Inclusion of China bonds in Bloomberg index a timely counterweight to US tariffs

Source:Global Times Published: 2018/3/26 23:48:39

World markets are taking another step to embrace China. Bloomberg will add the country's government and policy-bank bonds to the Bloomberg Barclays Global Aggregate Index. That should attract foreign investors and encourage more liberalization. It's also a useful reminder that flows of money far outweigh those of goods and services.

China's $9 trillion domestic bond market is the world's third-largest after the US and Japan, according to AsianBondsOnline, but most international investors have little exposure.

China has been gradually opening its market doors, though. Last year Beijing opened up a channel for investors to access its bond market through Hong Kong, known as the Bond Connect scheme. MSCI will also include some Chinese domestic A shares in its stock indexes starting in June.

Bloomberg is the first of the big three bond indexers, ahead of Citigroup and JPMorgan, to admit China into its global index. Beijing still needs to improve settlement terms and clarify tax issues before April 2019, when the index outfit plans to start phasing in Chinese bonds.

Eventually China's qualifying bonds will represent over 5 percent of the global aggregate index. With some $2 trillion in assets tracking the benchmark, the move could generate roughly $100 billion of inflows. Analysts at Standard Chartered estimate inflows of up to $286 billion if all three indexers include Chinese bonds.

It's still early days. Notwithstanding the IMF's inclusion of the yuan in its SDR currency basket two years ago, the yuan accounts for just 1 percent of global central bank reserves. But the potential is enormous, with China on track to overtake the US as the world's largest economy in the next decade.

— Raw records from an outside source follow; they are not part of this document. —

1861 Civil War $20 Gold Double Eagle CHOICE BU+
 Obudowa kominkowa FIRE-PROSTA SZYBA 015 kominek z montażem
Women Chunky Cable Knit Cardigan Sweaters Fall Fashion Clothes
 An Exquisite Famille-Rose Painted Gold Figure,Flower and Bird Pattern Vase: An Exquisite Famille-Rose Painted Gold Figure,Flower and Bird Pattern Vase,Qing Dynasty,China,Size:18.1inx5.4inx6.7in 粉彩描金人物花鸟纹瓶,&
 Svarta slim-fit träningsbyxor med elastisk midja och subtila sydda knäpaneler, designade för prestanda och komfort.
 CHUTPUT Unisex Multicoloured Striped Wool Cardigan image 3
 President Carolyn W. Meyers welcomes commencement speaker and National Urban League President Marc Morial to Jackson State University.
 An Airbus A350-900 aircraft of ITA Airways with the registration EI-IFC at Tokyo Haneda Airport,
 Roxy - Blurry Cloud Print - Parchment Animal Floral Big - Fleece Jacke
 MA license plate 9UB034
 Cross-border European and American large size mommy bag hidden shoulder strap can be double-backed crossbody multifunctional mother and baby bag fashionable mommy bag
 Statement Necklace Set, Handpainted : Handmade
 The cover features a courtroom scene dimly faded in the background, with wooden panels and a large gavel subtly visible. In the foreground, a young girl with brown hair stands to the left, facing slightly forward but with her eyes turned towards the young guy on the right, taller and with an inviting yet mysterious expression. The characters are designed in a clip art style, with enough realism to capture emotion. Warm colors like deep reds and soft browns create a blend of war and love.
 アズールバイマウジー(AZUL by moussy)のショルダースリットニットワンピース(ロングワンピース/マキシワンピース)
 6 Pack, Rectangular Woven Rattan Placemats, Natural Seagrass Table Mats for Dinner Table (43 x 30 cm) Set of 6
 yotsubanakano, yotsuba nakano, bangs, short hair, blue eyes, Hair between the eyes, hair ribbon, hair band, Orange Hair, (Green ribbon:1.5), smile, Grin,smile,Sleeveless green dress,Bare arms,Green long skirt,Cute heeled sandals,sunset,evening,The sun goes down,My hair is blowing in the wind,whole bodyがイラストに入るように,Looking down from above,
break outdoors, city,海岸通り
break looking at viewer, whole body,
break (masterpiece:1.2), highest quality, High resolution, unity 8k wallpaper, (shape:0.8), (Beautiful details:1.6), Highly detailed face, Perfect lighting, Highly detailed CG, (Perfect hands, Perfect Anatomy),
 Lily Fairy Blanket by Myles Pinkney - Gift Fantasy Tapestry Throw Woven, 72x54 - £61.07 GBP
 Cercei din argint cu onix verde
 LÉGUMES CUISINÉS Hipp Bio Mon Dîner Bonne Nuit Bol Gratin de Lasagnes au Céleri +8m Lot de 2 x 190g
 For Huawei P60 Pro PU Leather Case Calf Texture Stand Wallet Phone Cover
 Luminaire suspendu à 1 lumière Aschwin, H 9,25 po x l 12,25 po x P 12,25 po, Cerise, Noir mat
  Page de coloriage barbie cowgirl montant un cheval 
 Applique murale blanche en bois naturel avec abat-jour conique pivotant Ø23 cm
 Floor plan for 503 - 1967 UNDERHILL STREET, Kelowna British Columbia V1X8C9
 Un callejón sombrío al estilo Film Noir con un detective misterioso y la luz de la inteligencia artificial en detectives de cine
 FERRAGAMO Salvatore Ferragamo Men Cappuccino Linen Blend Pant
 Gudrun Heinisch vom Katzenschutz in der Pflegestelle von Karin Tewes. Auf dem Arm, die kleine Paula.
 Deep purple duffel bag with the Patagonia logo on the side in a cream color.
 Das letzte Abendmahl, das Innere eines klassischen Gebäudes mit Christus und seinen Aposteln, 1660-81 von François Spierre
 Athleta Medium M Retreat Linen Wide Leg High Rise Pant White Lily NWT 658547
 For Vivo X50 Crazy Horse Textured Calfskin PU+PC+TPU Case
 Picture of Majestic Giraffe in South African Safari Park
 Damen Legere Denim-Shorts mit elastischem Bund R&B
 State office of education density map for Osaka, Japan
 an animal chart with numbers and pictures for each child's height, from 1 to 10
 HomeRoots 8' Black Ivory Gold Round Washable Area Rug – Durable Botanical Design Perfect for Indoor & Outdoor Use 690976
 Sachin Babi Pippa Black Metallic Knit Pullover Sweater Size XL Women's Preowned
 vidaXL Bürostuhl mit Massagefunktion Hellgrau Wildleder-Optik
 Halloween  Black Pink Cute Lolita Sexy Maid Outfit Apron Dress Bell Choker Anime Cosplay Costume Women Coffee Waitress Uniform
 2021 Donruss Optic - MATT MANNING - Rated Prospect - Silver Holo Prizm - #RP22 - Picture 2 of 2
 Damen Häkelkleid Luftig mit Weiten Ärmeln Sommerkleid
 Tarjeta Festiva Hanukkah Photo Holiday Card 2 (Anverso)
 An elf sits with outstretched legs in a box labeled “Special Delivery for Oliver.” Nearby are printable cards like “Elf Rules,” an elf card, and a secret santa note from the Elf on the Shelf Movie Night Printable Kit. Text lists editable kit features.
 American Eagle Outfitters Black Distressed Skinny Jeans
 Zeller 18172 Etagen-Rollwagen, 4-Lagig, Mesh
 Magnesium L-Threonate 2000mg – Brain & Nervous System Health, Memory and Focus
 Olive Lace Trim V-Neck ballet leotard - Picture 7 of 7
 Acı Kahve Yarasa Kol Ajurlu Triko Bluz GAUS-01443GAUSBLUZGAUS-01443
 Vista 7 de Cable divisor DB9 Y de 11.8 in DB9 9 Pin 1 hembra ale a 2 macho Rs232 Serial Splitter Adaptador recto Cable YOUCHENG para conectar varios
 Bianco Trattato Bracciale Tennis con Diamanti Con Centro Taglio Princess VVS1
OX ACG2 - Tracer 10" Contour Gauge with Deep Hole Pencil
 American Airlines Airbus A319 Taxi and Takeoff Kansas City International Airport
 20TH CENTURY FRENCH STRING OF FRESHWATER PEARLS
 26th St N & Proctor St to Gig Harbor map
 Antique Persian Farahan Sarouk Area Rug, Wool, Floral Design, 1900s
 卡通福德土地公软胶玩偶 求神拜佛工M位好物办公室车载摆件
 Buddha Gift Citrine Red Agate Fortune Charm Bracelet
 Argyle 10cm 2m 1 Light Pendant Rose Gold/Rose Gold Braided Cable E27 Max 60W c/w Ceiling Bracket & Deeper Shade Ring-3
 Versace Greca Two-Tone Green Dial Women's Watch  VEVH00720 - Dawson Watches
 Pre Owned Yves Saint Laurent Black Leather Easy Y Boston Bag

The bond index news landed one day after US President Donald Trump announced new tariffs on Chinese imports. The levies are aimed at reducing the US trade deficit with China, which hit $375 billion in 2017. But money flows vastly exceed those of goods and services, with daily trading in currencies averaging more than $5 trillion and interest-rate derivatives nearly $3 trillion. A move that encourages more financial transactions with China offsets Trump's barriers to traditional trade.